Records drawn from a dataset

-=-=-=-=-

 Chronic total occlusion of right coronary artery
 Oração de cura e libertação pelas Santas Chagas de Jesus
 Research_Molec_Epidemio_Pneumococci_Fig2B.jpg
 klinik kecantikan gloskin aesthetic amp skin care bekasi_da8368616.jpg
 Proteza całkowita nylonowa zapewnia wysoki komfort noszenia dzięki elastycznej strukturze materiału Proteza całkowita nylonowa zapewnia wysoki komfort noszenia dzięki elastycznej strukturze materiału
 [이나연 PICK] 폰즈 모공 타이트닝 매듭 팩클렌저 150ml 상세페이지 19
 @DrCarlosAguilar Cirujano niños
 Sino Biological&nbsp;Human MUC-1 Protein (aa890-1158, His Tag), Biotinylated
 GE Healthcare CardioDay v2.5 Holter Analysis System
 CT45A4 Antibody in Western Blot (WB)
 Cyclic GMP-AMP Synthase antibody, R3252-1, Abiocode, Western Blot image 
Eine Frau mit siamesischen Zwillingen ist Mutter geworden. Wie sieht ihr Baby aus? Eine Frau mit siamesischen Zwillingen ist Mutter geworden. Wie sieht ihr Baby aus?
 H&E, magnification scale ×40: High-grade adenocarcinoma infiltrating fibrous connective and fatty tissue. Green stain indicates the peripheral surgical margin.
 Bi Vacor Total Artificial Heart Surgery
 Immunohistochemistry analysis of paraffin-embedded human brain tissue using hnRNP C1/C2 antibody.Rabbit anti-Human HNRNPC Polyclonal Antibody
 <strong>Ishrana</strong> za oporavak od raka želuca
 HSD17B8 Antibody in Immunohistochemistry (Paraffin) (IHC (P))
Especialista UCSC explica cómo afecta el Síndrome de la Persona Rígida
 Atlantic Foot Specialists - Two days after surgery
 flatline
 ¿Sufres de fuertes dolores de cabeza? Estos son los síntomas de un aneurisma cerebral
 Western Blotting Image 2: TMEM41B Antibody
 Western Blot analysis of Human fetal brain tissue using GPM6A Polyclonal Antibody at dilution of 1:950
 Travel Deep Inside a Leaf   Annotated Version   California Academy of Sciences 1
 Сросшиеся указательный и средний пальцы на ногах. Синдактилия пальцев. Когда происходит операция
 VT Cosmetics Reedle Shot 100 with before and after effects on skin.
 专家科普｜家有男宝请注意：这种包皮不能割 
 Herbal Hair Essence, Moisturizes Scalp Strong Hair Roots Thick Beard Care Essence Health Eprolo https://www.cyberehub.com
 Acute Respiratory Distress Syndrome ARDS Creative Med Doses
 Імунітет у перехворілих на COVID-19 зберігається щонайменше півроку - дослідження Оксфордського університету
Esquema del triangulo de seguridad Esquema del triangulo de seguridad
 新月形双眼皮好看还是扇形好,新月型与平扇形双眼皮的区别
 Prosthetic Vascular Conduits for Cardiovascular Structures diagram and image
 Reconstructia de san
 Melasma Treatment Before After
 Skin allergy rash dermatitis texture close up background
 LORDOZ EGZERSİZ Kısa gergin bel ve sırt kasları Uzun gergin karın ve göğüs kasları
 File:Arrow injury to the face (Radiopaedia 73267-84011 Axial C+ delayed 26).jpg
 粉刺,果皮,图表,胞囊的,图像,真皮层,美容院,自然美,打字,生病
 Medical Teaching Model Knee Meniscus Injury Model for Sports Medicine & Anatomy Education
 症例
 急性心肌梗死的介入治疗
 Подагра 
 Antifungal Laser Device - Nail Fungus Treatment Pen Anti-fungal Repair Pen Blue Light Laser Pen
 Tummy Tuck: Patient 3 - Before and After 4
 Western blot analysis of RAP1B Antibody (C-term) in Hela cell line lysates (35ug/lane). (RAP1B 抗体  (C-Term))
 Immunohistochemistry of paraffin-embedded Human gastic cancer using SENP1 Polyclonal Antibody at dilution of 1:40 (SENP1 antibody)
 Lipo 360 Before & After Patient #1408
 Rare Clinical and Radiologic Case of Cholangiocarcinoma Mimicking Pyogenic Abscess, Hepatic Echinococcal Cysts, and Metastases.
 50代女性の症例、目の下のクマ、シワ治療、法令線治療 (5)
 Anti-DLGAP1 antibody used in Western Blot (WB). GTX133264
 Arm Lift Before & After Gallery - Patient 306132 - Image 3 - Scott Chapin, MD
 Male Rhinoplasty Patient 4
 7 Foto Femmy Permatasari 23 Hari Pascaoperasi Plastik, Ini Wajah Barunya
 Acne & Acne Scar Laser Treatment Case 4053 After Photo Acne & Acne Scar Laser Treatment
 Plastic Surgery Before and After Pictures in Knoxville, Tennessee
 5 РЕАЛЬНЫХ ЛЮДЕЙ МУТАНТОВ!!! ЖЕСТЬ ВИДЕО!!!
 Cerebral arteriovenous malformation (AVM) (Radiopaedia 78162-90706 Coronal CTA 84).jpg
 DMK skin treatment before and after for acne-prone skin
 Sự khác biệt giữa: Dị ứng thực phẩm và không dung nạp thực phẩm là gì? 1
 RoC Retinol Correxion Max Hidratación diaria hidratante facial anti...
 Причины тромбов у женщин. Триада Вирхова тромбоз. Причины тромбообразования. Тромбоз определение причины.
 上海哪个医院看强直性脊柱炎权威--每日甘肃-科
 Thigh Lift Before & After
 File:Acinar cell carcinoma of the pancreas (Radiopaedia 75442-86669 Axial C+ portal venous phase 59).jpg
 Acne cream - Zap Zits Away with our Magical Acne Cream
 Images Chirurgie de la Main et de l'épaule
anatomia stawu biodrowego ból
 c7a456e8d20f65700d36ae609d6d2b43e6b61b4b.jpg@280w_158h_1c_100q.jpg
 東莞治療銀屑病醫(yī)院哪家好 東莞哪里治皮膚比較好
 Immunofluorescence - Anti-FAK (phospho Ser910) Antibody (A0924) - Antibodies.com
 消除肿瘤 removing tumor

-=-=-=-=-

(Description of the task)
Could you copy out the data in full, exactly as it is written?

(Response for this exercise)
 Chronic total occlusion of right coronary artery
 Oração de cura e libertação pelas Santas Chagas de Jesus
 Research_Molec_Epidemio_Pneumococci_Fig2B.jpg
 klinik kecantikan gloskin aesthetic amp skin care bekasi_da8368616.jpg
 Proteza całkowita nylonowa zapewnia wysoki komfort noszenia dzięki elastycznej strukturze materiału Proteza całkowita nylonowa zapewnia wysoki komfort noszenia dzięki elastycznej strukturze materiału
 [이나연 PICK] 폰즈 모공 타이트닝 매듭 팩클렌저 150ml 상세페이지 19
 @DrCarlosAguilar Cirujano niños
 Sino Biological&nbsp;Human MUC-1 Protein (aa890-1158, His Tag), Biotinylated
 GE Healthcare CardioDay v2.5 Holter Analysis System
 CT45A4 Antibody in Western Blot (WB)
 Cyclic GMP-AMP Synthase antibody, R3252-1, Abiocode, Western Blot image 
Eine Frau mit siamesischen Zwillingen ist Mutter geworden. Wie sieht ihr Baby aus? Eine Frau mit siamesischen Zwillingen ist Mutter geworden. Wie sieht ihr Baby aus?
 H&E, magnification scale ×40: High-grade adenocarcinoma infiltrating fibrous connective and fatty tissue. Green stain indicates the peripheral surgical margin.
 Bi Vacor Total Artificial Heart Surgery
 Immunohistochemistry analysis of paraffin-embedded human brain tissue using hnRNP C1/C2 antibody.Rabbit anti-Human HNRNPC Polyclonal Antibody
 <strong>Ishrana</strong> za oporavak od raka želuca
 HSD17B8 Antibody in Immunohistochemistry (Paraffin) (IHC (P))
Especialista UCSC explica cómo afecta el Síndrome de la Persona Rígida
 Atlantic Foot Specialists - Two days after surgery
 flatline
 ¿Sufres de fuertes dolores de cabeza? Estos son los síntomas de un aneurisma cerebral
 Western Blotting Image 2: TMEM41B Antibody
 Western Blot analysis of Human fetal brain tissue using GPM6A Polyclonal Antibody at dilution of 1:950
 Travel Deep Inside a Leaf   Annotated Version   California Academy of Sciences 1
 Сросшиеся указательный и средний пальцы на ногах. Синдактилия пальцев. Когда происходит операция
 VT Cosmetics Reedle Shot 100 with before and after effects on skin.
 专家科普｜家有男宝请注意：这种包皮不能割 
 Herbal Hair Essence, Moisturizes Scalp Strong Hair Roots Thick Beard Care Essence Health Eprolo https://www.cyberehub.com
 Acute Respiratory Distress Syndrome ARDS Creative Med Doses
 Імунітет у перехворілих на COVID-19 зберігається щонайменше півроку - дослідження Оксфордського університету
Esquema del triangulo de seguridad Esquema del triangulo de seguridad
 新月形双眼皮好看还是扇形好,新月型与平扇形双眼皮的区别
 Prosthetic Vascular Conduits for Cardiovascular Structures diagram and image
 Reconstructia de san
 Melasma Treatment Before After
 Skin allergy rash dermatitis texture close up background
 LORDOZ EGZERSİZ Kısa gergin bel ve sırt kasları Uzun gergin karın ve göğüs kasları
 File:Arrow injury to the face (Radiopaedia 73267-84011 Axial C+ delayed 26).jpg
 粉刺,果皮,图表,胞囊的,图像,真皮层,美容院,自然美,打字,生病
 Medical Teaching Model Knee Meniscus Injury Model for Sports Medicine & Anatomy Education
 症例
 急性心肌梗死的介入治疗
 Подагра 
 Antifungal Laser Device - Nail Fungus Treatment Pen Anti-fungal Repair Pen Blue Light Laser Pen
 Tummy Tuck: Patient 3 - Before and After 4
 Western blot analysis of RAP1B Antibody (C-term) in Hela cell line lysates (35ug/lane). (RAP1B 抗体  (C-Term))
 Immunohistochemistry of paraffin-embedded Human gastic cancer using SENP1 Polyclonal Antibody at dilution of 1:40 (SENP1 antibody)
 Lipo 360 Before & After Patient #1408
 Rare Clinical and Radiologic Case of Cholangiocarcinoma Mimicking Pyogenic Abscess, Hepatic Echinococcal Cysts, and Metastases.
 50代女性の症例、目の下のクマ、シワ治療、法令線治療 (5)
 Anti-DLGAP1 antibody used in Western Blot (WB). GTX133264
 Arm Lift Before & After Gallery - Patient 306132 - Image 3 - Scott Chapin, MD
 Male Rhinoplasty Patient 4
 7 Foto Femmy Permatasari 23 Hari Pascaoperasi Plastik, Ini Wajah Barunya
 Acne & Acne Scar Laser Treatment Case 4053 After Photo Acne & Acne Scar Laser Treatment
 Plastic Surgery Before and After Pictures in Knoxville, Tennessee
 5 РЕАЛЬНЫХ ЛЮДЕЙ МУТАНТОВ!!! ЖЕСТЬ ВИДЕО!!!
 Cerebral arteriovenous malformation (AVM) (Radiopaedia 78162-90706 Coronal CTA 84).jpg
 DMK skin treatment before and after for acne-prone skin
 Sự khác biệt giữa: Dị ứng thực phẩm và không dung nạp thực phẩm là gì? 1
 RoC Retinol Correxion Max Hidratación diaria hidratante facial anti...
 Причины тромбов у женщин. Триада Вирхова тромбоз. Причины тромбообразования. Тромбоз определение причины.
 上海哪个医院看强直性脊柱炎权威--每日甘肃-科
 Thigh Lift Before & After
 File:Acinar cell carcinoma of the pancreas (Radiopaedia 75442-86669 Axial C+ portal venous phase 59).jpg
 Acne cream - Zap Zits Away with our Magical Acne Cream
 Images Chirurgie de la Main et de l'épaule
anatomia stawu biodrowego ból
 c7a456e8d20f65700d36ae609d6d2b43e6b61b4b.jpg@280w_158h_1c_100q.jpg
 東莞治療銀屑病醫(yī)院哪家好 東莞哪里治皮膚比較好
 Immunofluorescence - Anti-FAK (phospho Ser910) Antibody (A0924) - Antibodies.com
 消除肿瘤 removing tumor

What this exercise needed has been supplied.